I think you want about as much negative camber as you can get out of it. Especially in the front.
Yup, for the front, definitely. And as negative camber is added in the front toe-out should increase.
So those numbers aren't a bad place to start. I had -3.5 to -3.75 camber on the front and was going to increase it once it was clarified that the rules allowed the strut towers to be slotted more than they were. And I had about -2.5 on the rear.
That being said I stuck with zero toe front and rear, as that just always seemed to work well for me. I did try front toe-out a couple times, and it just didn't seem to be overall "better" to me.
When everything else was working right this alignment setup helped make the car very neutral and easy to drive as well as fast.

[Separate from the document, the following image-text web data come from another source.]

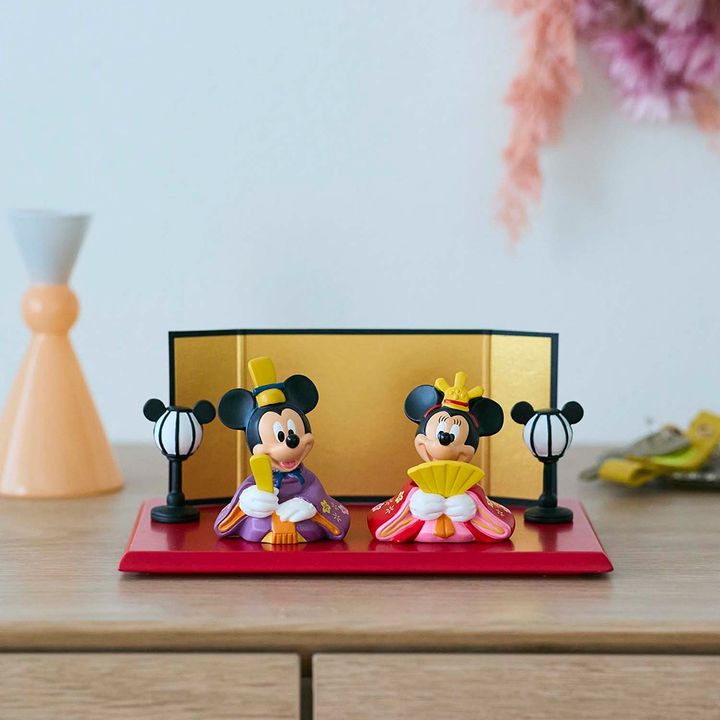 コンパクトに置けるおひなさま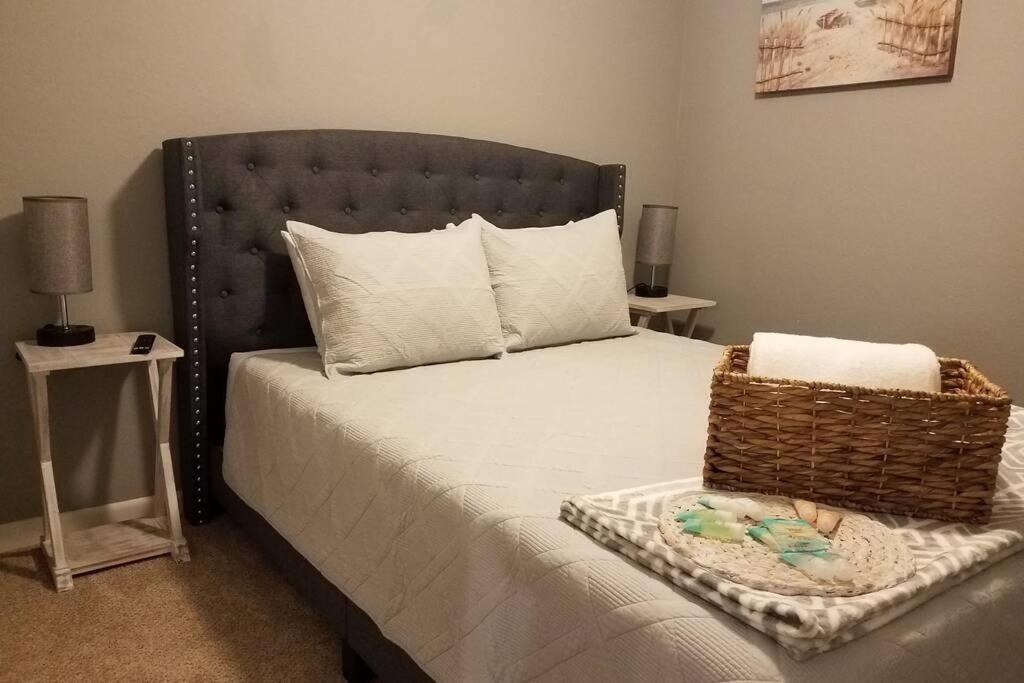Cozy 3 Bed 2.5 Bath Located Near Busch Gardens Leilighet Tampa Eksteriør bilde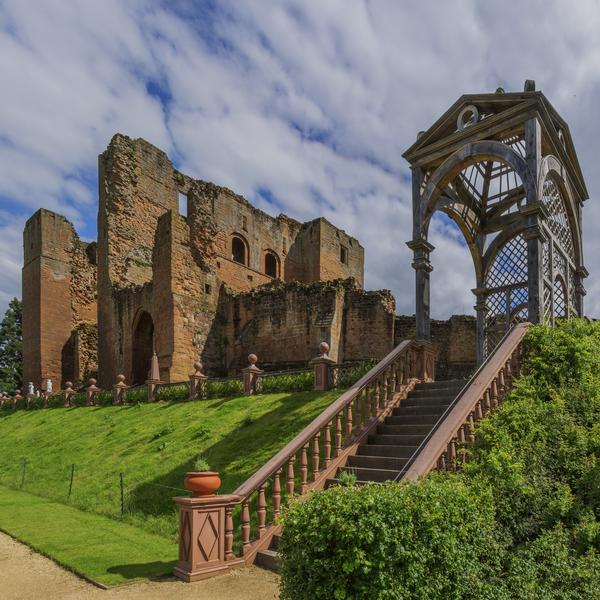 Ruins of Kenilworth Castle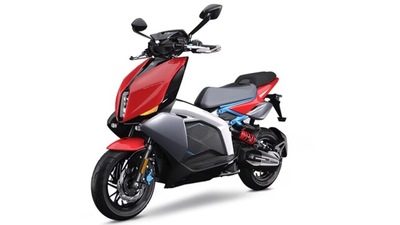 Scooter elettrico, TVS X: Le foto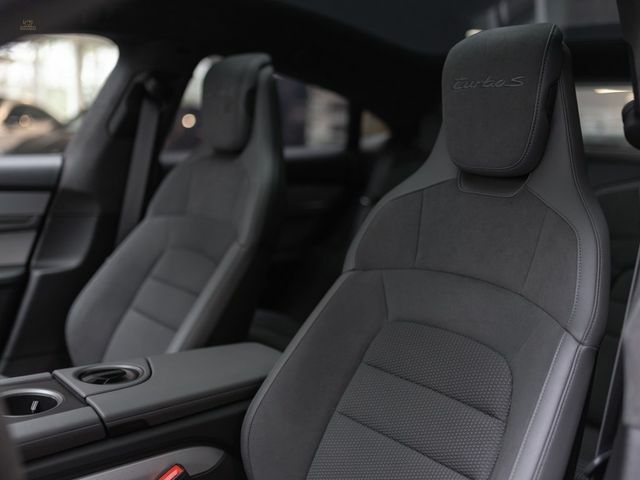 Thumbnail von Porsche Taycan Turbo S,Carbon,Keramik,Pano,Nachtsicht,21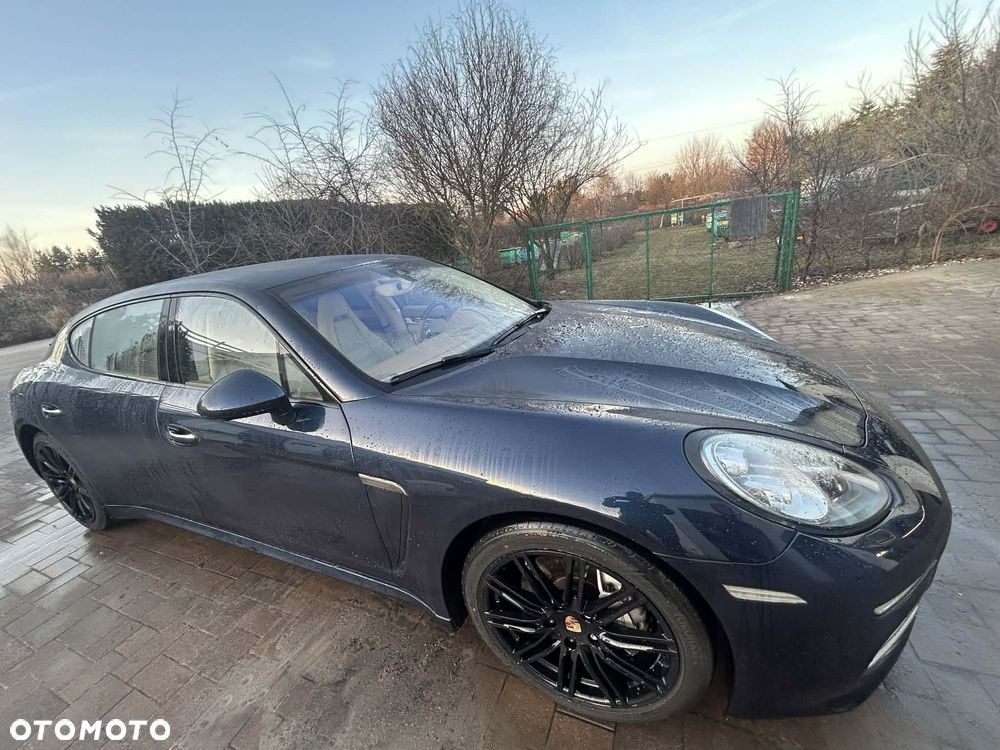 Porsche Panamera - 4
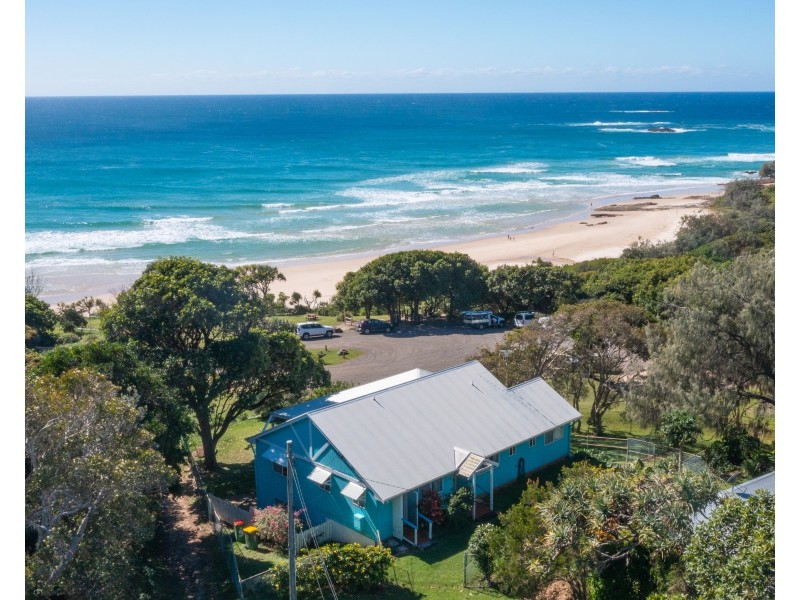 9 Prosperity Street, Point Lookout QLD 4183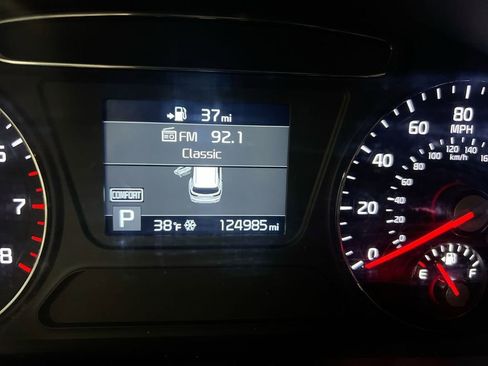 Used 2019 Kia Sorento L image 13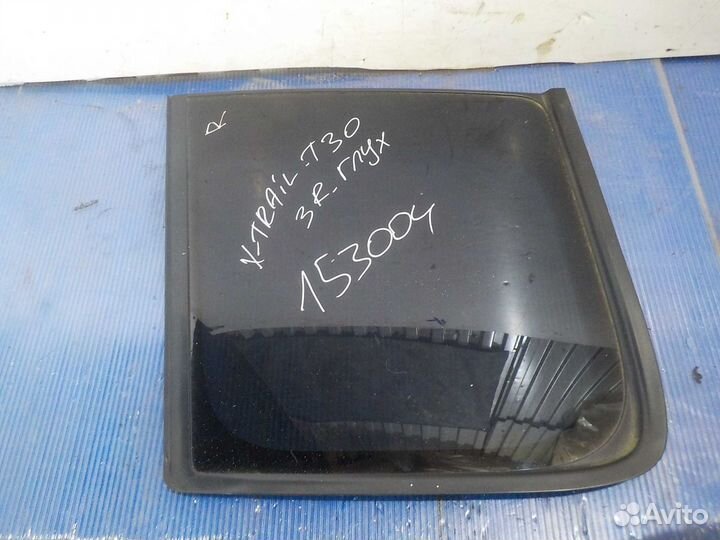 Стекло nissan xtrail T30 заднее правое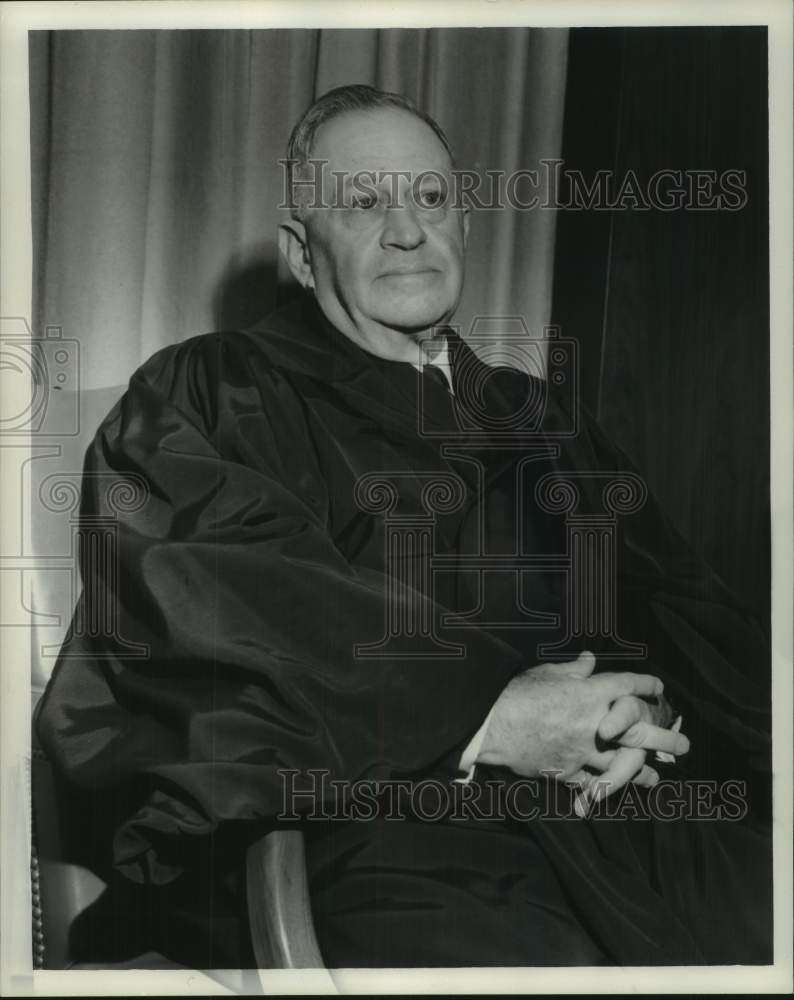 Load image into Gallery viewer, 1960 Press Photo Judge Louis H. Yarrut - noc47455
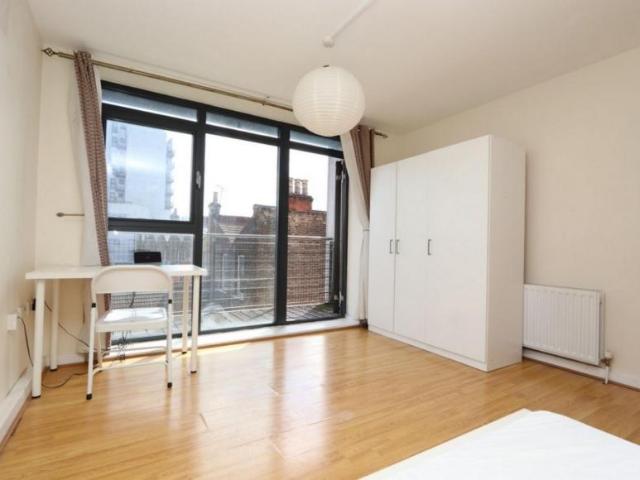 Room for rent in Maryland, Greater London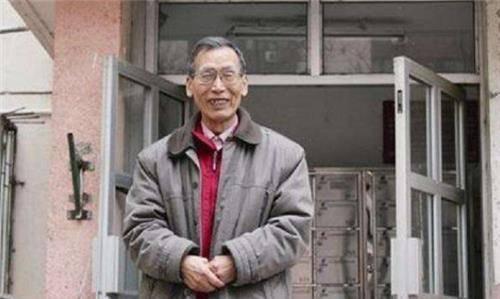 坚守!中国最小的使馆,仅1个外交官驻守,自己种菜住草屋
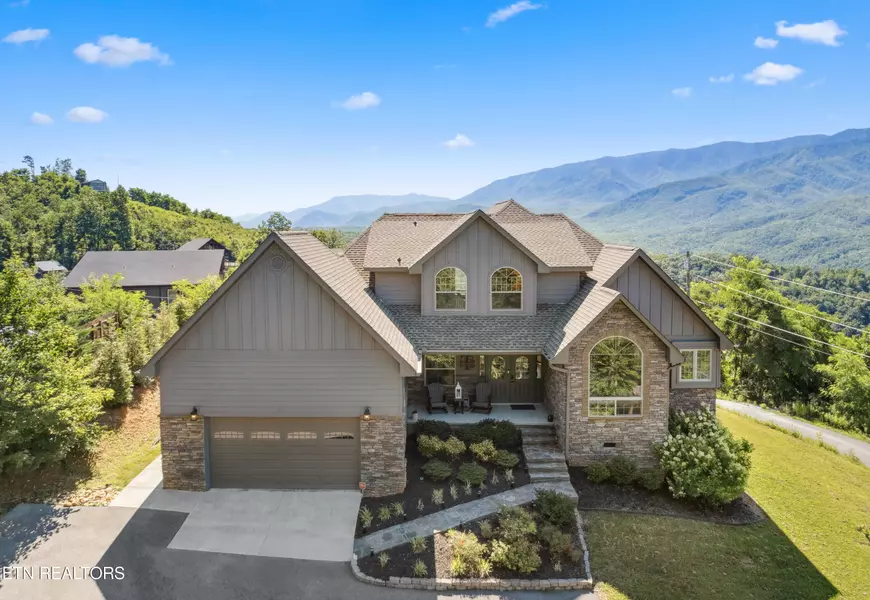 904 Pine Cone WAY, Gatlinburg, TN 37738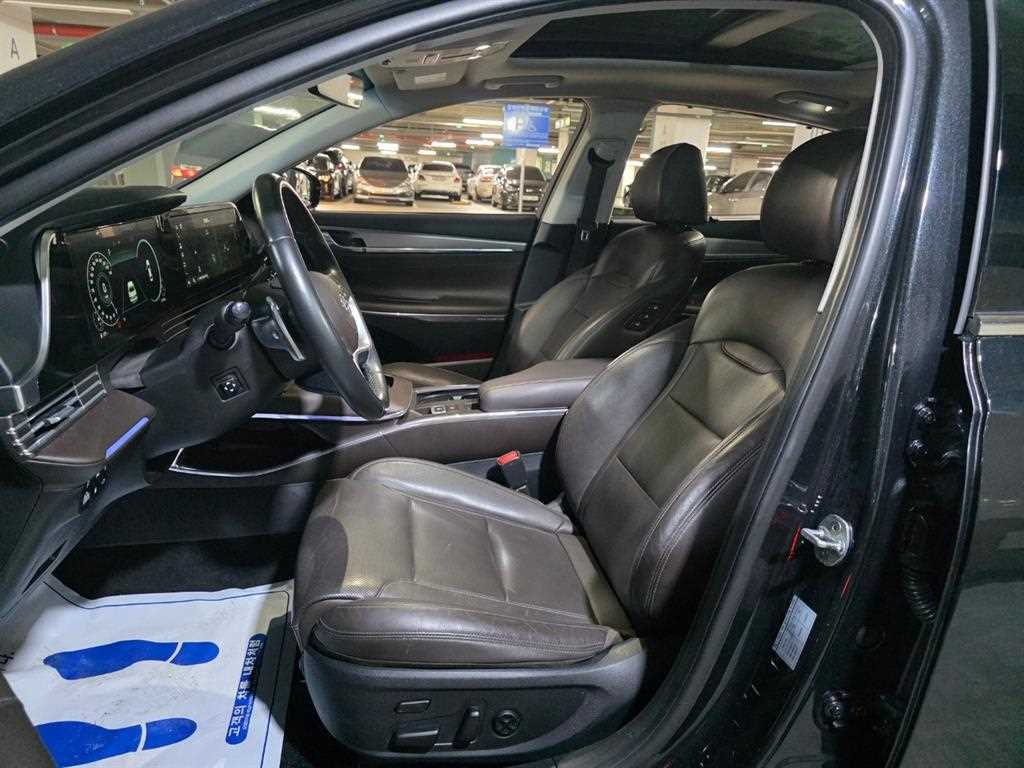 HYUNDAI Grandeur - Vista 5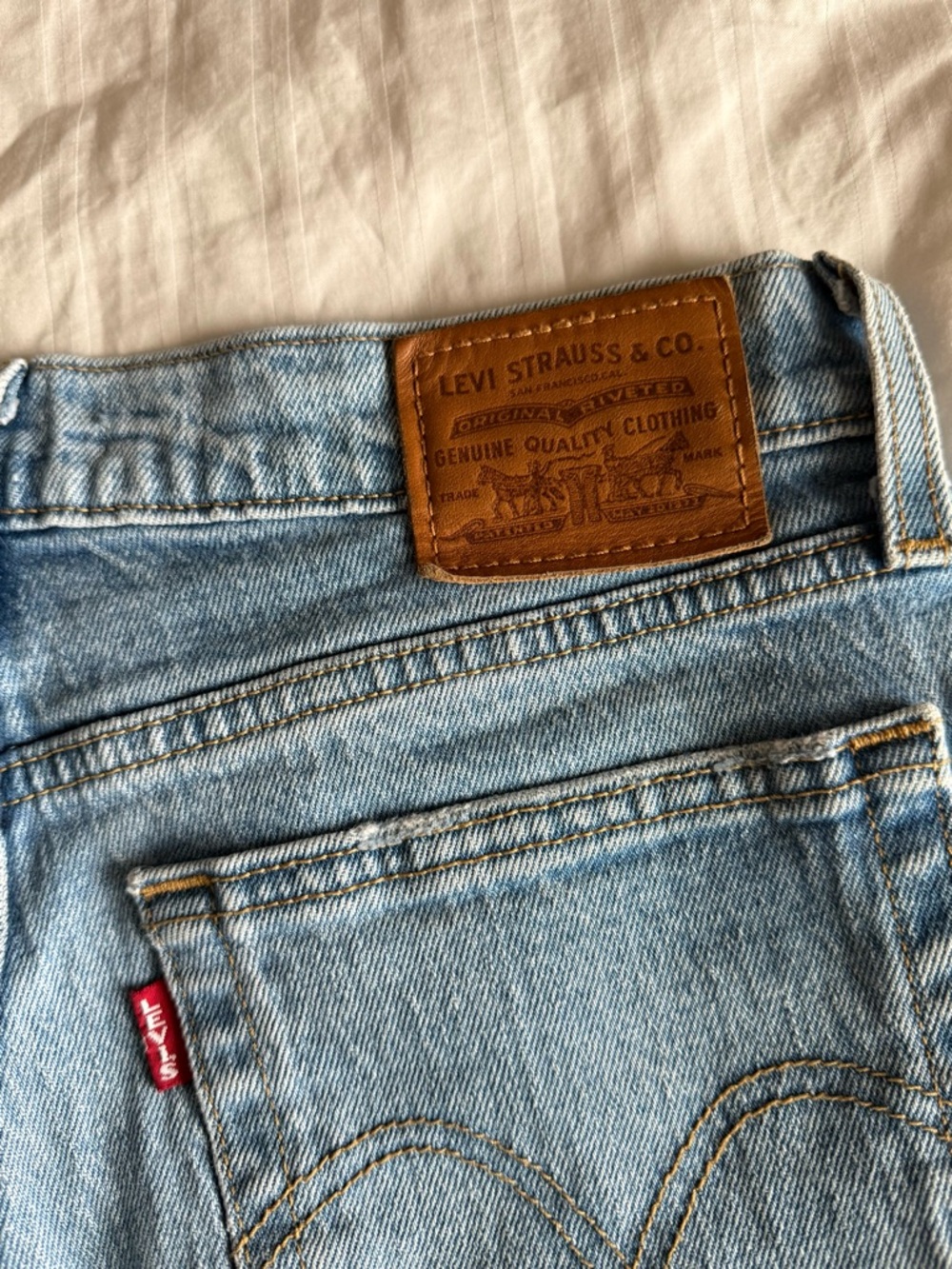 Levi’s Wedgie Straight Jeans Button-Fly - Picture 5 of 7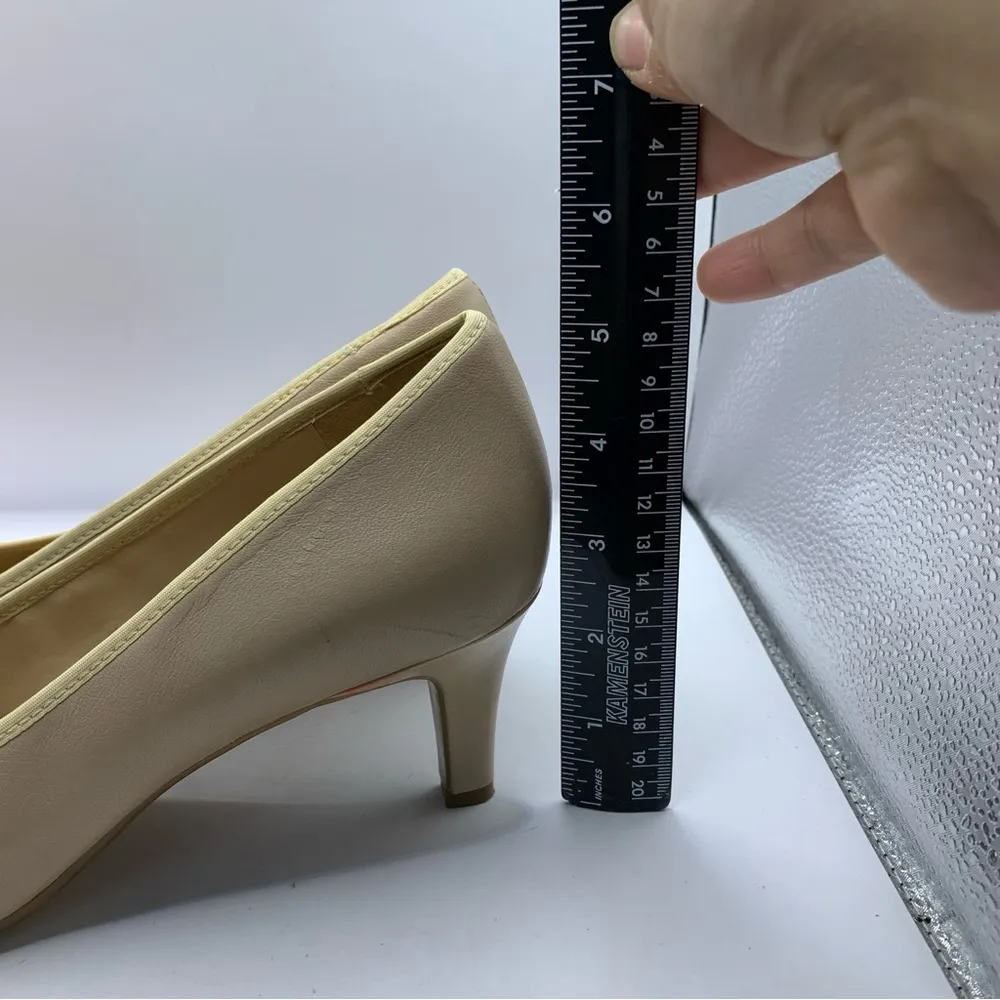 Naturalizer Pump Oden Beige Leather Classic Comfort Basic Neutral Size 9.5M - Image 4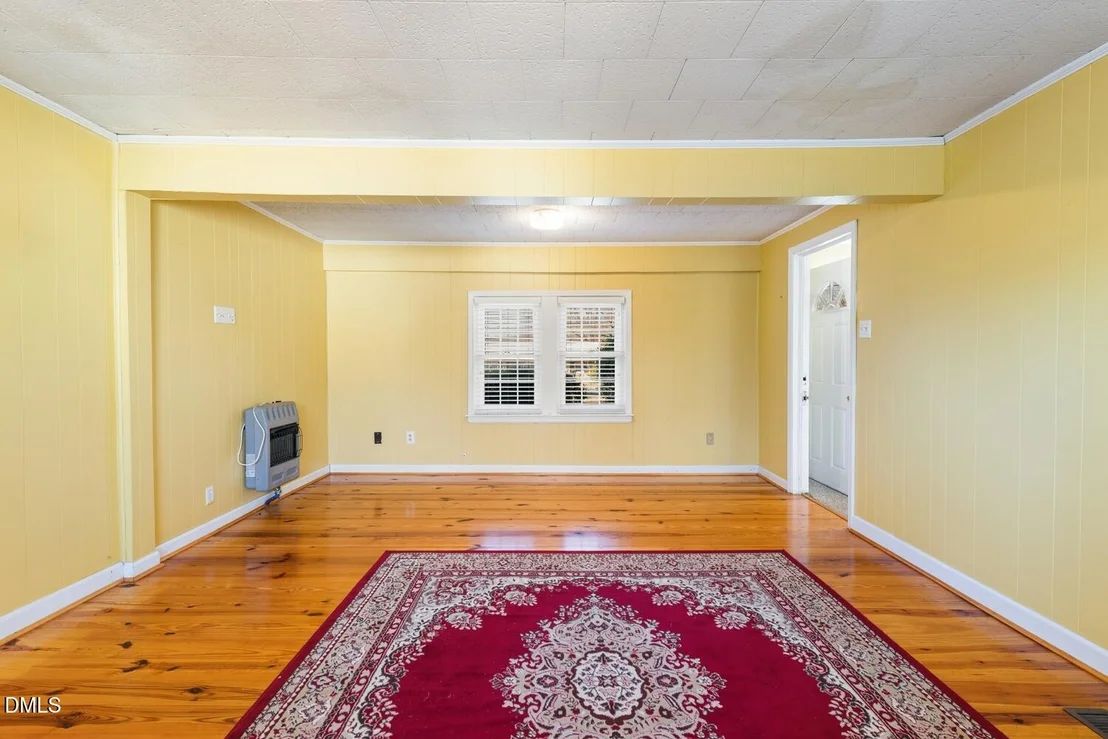 Photo of 1146 Rogers Road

A handy tool for alignment setup is a probe-type tire pyrometer and careful inspection of tire wear. Setup also depends on the types of tracks you run on (and your driving style), so only take internet advice so far. In my experience it's hard to keep the outside edges of the front tires from doing most of the cornering work on a SHO, which is why aggressive front camber helps. However, if your tracks have lots of long straights and open corners, it may not be as critical and keeping the tire flat (i.e., less camber) for braking may be better. This is where the pyrometer comes in as getting the inner carcass temperature across the tire provides a rough average of how hard each part of the tire is working. I could never get the inside of the fronts nearly as hot as the outside, so more camber could have helped. But that was me, in my car, on the tracks that I run. YMMV.
Look at the pics of those Ninja Turtle cars when they ran in the Firehawk series; they had some really serious negative camber dialed in on the front, more than -3 degrees.